Я продолжал присматриваться к растениям Фату-Хивы — не обнаружатся ли еще свидетельства контактов с Америкой. И мне вспомнились жаркие научные споры по поводу столь важного в Полинезии гибискуса, который Браун назвал «одним из самых полезных деревьев, разводимых древними полинезийцами». Полезность гибискуса никто не отрицал. Молодые побеги шли в пищу; мы сами видели, как из цветков делали лекарство; луб шел на веревки; древесина годилась для добывания огня и изготовления тысячи бытовых предметов. Американские ботаники О. и Р. Кук уже за три десятилетия до этого показали, что гибискус использовался для одних и тех же целей в Полинезии и в древней Америке и даже назывался почти одинаково: в Америке-махо, на островах — мао и хау. Вообще-то гибискус широко распространен в тропическом поясе, но родиной его считалась Америка. И упомянутые ботаники заключили, что семена не боятся морской воды и могли быть принесены течениями до прихода человека, а вот название не могло приплыть само. Они рекомендовали антропологам учитывать, что налицо важное растение, мимо которого не следует проходить, когда изучаешь возможность доевропейских контактов между тропической Америкой и тихоокеанскими островами.

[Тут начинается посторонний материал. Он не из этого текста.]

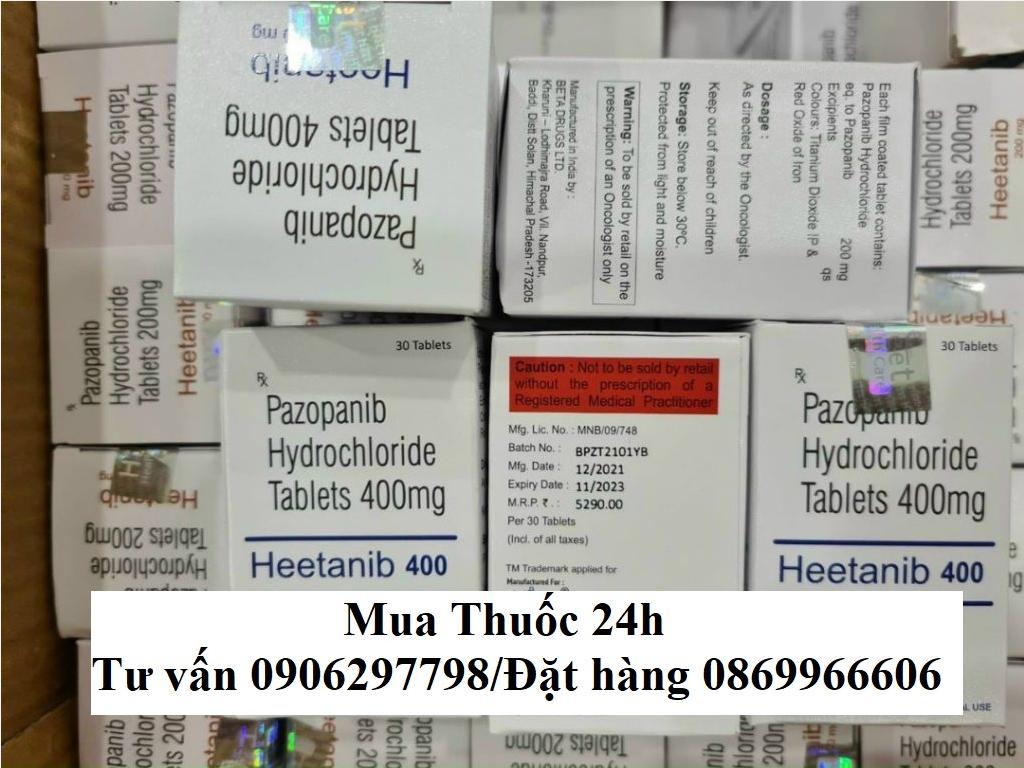 Thuốc Heetanib Pazopanib 400mg giá bao nhiêu mua ở đâu?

Не успели они изложить свой взгляд, как им решительно возразил другой ботаник — Э. Меррилл, страстный защитник догмы, по которой до европейцев ни— кто не отплывал из Америки и не приплывал в нее. По его мнению, полинезийский гибискус давным-давно мог попасть на острова с течениями. И лишь много лет спустя после моего пребывания на Фату-Хиве известный американский специалист по географии растений Дж. Картер, вернувшись к этой проблеме, заключил: «Трудно назвать более ясное свидетельство контактов между народами Тихого океана и Центральной Америки, чем то, которое дают нам батат и гибискус, известный под названием махо»[29].
Мысленно я частенько возвращался в библиотеку Крэпелиена, стараясь по возможности вспомнить все прочтенное мной до того, как я приехал на острова и самолично ознакомился с обстановкой. На Фату-Хиве если и были книги, то лишь библии в двух конкурирующих церквах Омоа. У католиков и протестантов одна библия, но толкуют они ее по-разному. Не удивительно, что у биологов и антропологов, читающих разные книги, взгляды разные. Даже два антрополога могут по-разному толковать одну и ту же проблему, если один из них только измеряет черепа, а другой только занимается языками. Соединять Полинезию с Америкой было все равно что сунуть палец в осиное гнездо. Ибо ученые и любители, занимающиеся доколумбовой Америкой, давно разбились на два отряда, одержимых чуть ли не религиозным фанатизмом: на диффузионистов и изоляционистов. Первые не сомневались в том, что разделяющий Старый и Новый Свет океан был пройден до Колумба викингами, а еще раньше — другими мореплавателями. Вторые были не менее страстно убеждены, что до 1492 года мировые океаны представляли собой неодолимый барьер для человека. Пожалуй, скорее Пакеекее сумел бы обратить патера Викторина в свою веру, чем изоляционист переубедить диффузиониста или наоборот.